The argument addressed to us on behalf of the plaintiffs in error, is one which has often been urged, but always unsuccessfully. It is said the plaintiff below is entitled to no more than compensation measured by the pecuniary value of the injury he had sustained; that pain and personal suffering have no pecuniary value ; that there is no standard by which they can be estimated; and that if a jury are allowed to take them into consideration in assessing damages, they must guess both at the intensity of the pain and at the sum which would be a compensation for it.

Hence, it is urged that inquiries into these subjects are too refined for a jury, or for any human tribunal, and that compensa*278tion ought to he allowed for nothing that cannot be measured by some defined rule. It must be admitted, that it is easier to answer this by authorities than it is by reasoning. The theory of a jury trial undoubtedly is, that it accomplishes certain results by certain rules. Ordinarily, it measures damages according to some known and recognised standard. That standard is, in most cases, a common and acknowledged measure adopted as a lesson of human experience. But where there is, and can be, no such experience, or none that can be known, damages might as well be determined by the casting of dice as by the verdict of a jury. It is conceded, they must be estimated in money. But what is the pecuniary worth of a pain ? If it must be determined, it is either nothing, or it is variable according to the conjecture of those who are required to estimate it; and they must guess not only its intensity, but its value in dollars and cents. It would seem that judicial tribunals ought not to be under the necessity of deciding anything so indeterminable. Damages, if recoverable at all, ought to be such as can be measured by some comprehensible rule — some rule that can be applied to human affairs.

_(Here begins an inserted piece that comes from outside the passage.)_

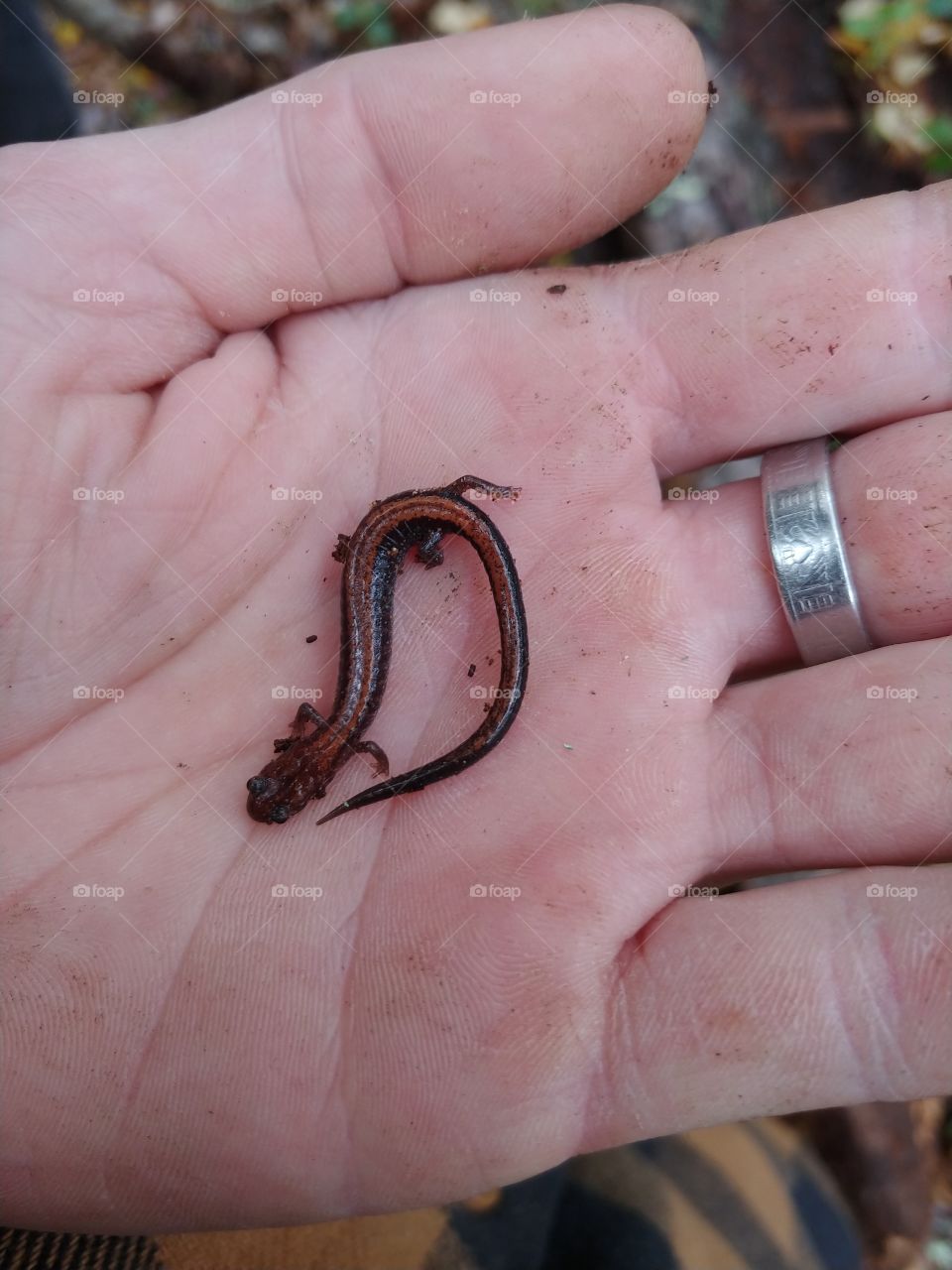 this is a cute salamander only one we saw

Notwithstanding all this, however, it is undoubtedly true, that in some actions for personal injuries, juries in estimating the damages are to take into consideration the personal suffering caused by the wrong. So are the decisions. In cases of libel or slander, of wilful torts to the person, and in cases of negligence other than those that are breaches of contract, in cases of negligence which causes a personal injury, it has often been held that a jury may take into consideration the bodily and mental pain attendant on the injury. It must be admitted that it is no more possible to determine the pecuniary value of pain, in this class of cases, than in such a one as we now have before us. But such actions are not remedies sought for broken contracts. The wrongs complained of bear a nearer resemblance to a public offence. In assessing damages in such actions, juries are always allowed a larger license than in actions on contracts, and with some reason. In this state, at least, it seems to be the doctrine, that the circumstances attending such injuries may warrant an assessment of damages beyond those that are merely compensatory. It might well be, therefore, that a different rule should be applied to them from that which should be applied in suits on broken contracts.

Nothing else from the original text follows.